▸ **Work to complete**:
Return every line from the one with "The Chevrolet Silverado" through the one with "Here are the", inclusive, exactly as it appears below.

▸ **Data for this task**:
== Segment start ==

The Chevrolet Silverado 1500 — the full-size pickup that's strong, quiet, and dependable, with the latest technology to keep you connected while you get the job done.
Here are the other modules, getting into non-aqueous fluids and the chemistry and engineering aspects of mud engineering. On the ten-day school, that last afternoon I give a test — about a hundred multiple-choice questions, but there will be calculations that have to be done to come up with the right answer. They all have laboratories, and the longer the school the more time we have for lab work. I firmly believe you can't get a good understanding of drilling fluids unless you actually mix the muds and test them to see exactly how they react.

== Segment end ==
== Segment start ==

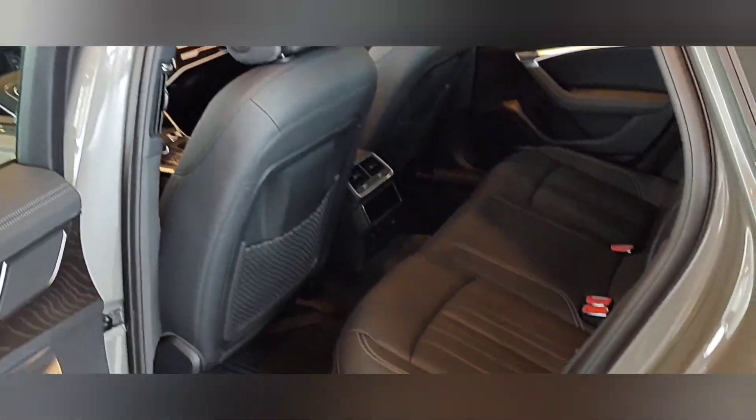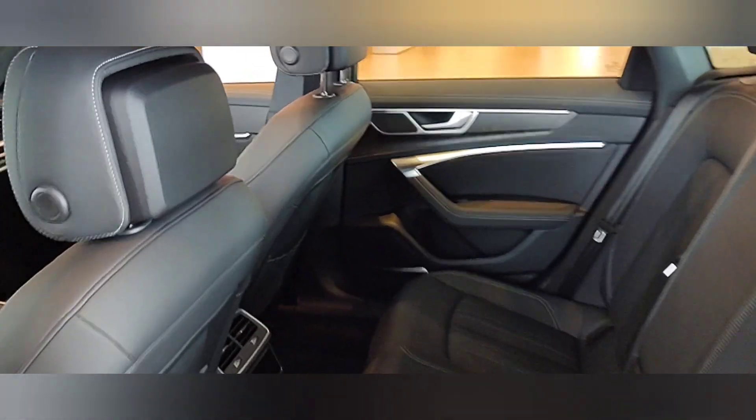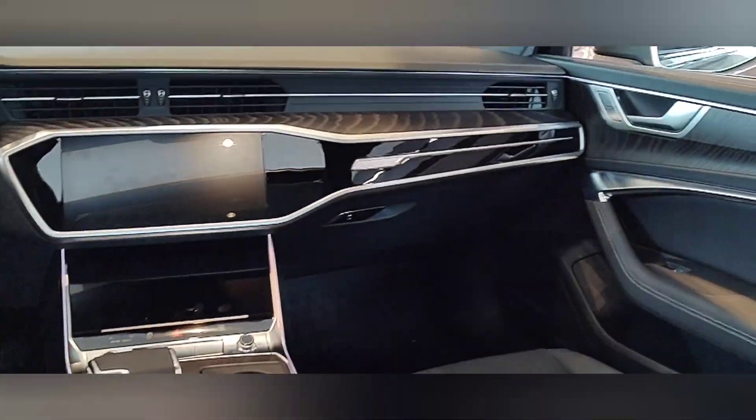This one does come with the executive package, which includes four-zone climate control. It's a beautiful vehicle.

== Segment end ==
== Segment start ==

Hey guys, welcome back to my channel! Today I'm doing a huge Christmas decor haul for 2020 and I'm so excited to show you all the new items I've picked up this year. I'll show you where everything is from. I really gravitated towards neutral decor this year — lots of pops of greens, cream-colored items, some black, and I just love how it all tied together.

== Segment end ==

▸ **Result for this exercise**:
The Chevrolet Silverado 1500 — the full-size pickup that's strong, quiet, and dependable, with the latest technology to keep you connected while you get the job done.
Here are the other modules, getting into non-aqueous fluids and the chemistry and engineering aspects of mud engineering. On the ten-day school, that last afternoon I give a test — about a hundred multiple-choice questions, but there will be calculations that have to be done to come up with the right answer. They all have laboratories, and the longer the school the more time we have for lab work. I firmly believe you can't get a good understanding of drilling fluids unless you actually mix the muds and test them to see exactly how they react.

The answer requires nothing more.